Feed Tampa's Unsheltered Population

Once a month we prepare food and care packages to distribute to individuals experiencing homelessness in Downtown and South Tampa. To date, we have fed over 200 individuals and families. 


According to Tampa Hillsborough Homeless Initiative (THHI), who conducted a count of individuals experiencing homelessness, there are 672 out of 1,650 individuals living unsheltered in Tampa (Tampa/Hillsborough County COC, 2019). Unsheltered means that “41% slept in places not meant for habitation, like at a park, in a car, or abandoned building, or elsewhere on the street” (Tampa/Hillsborough County COC, 2019). 236 of those individuals live in Downtown Tampa and 34 live in South Tampa (Tampa/Hillsborough County COC, 2019).

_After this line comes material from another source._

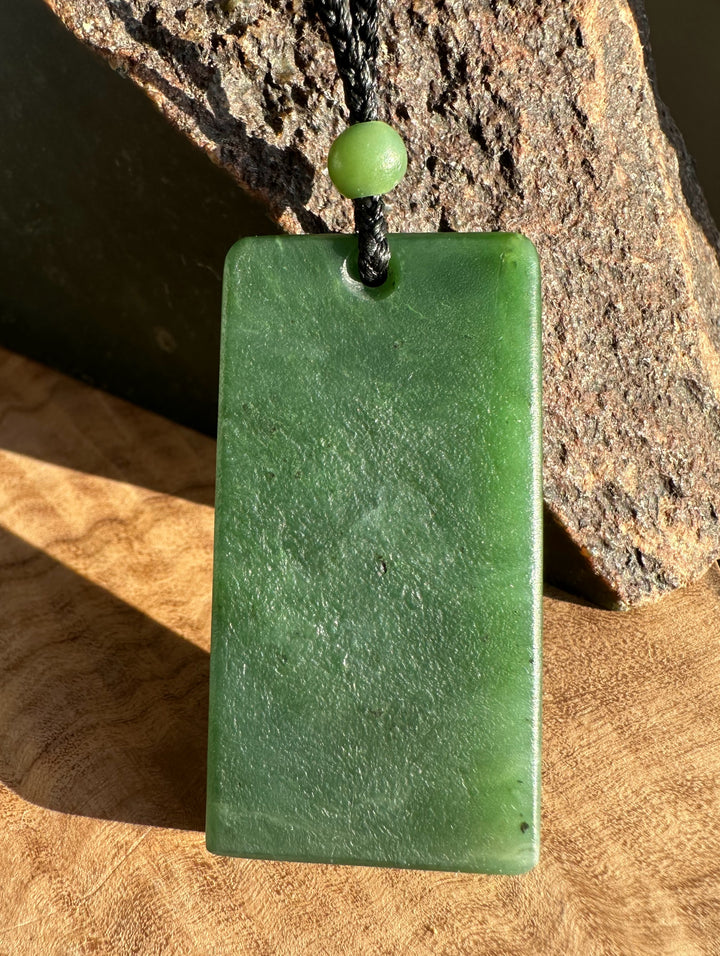 Textured rectangle jade pendant on black cord with a small green bead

We are closely working with a Dietician Intern, Heather Jones, who created a flyer that lists affordable, healthy foods and beverages. In her article, she briefly discusses malnutrition in individuals experiencing homelessness, specifically those who suffer from alcoholism and substance abuse.

You can donate items in person or through our Amazon wishlist here.

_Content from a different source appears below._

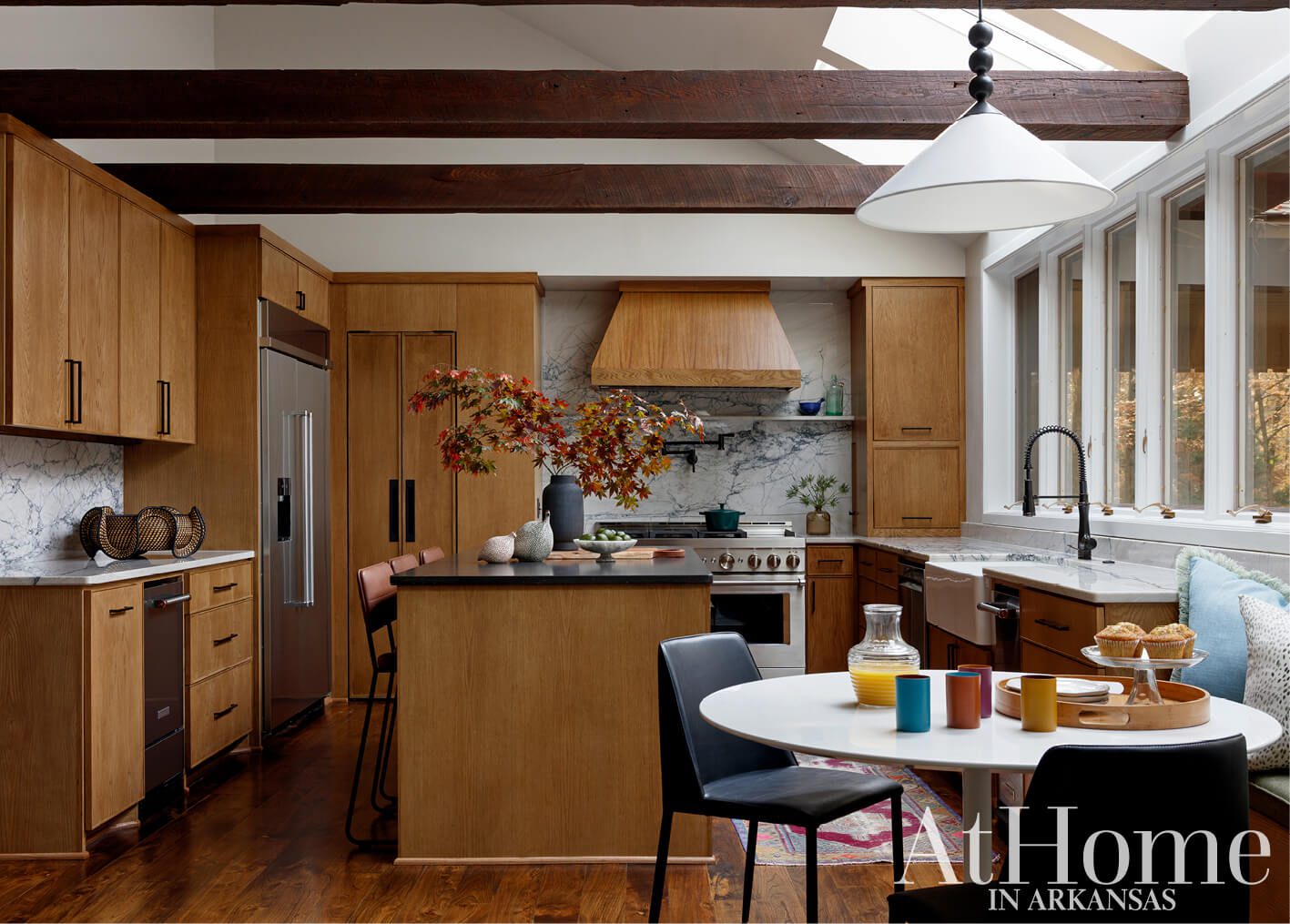 Wood kitchen with marble backsplash, stainless steel appliances, and island.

Healthy Food Options for Individuals Experiencing Homelessness
By Heather Jones, RD2Be
February 1, 2020

The homeless population is at risk for vitamin and mineral deficiencies due to their lacking diet. The majority of the homeless population we serve lack affordable housing and are unemployed, domestic violence victims, substance abuse, or suffer from mental illness.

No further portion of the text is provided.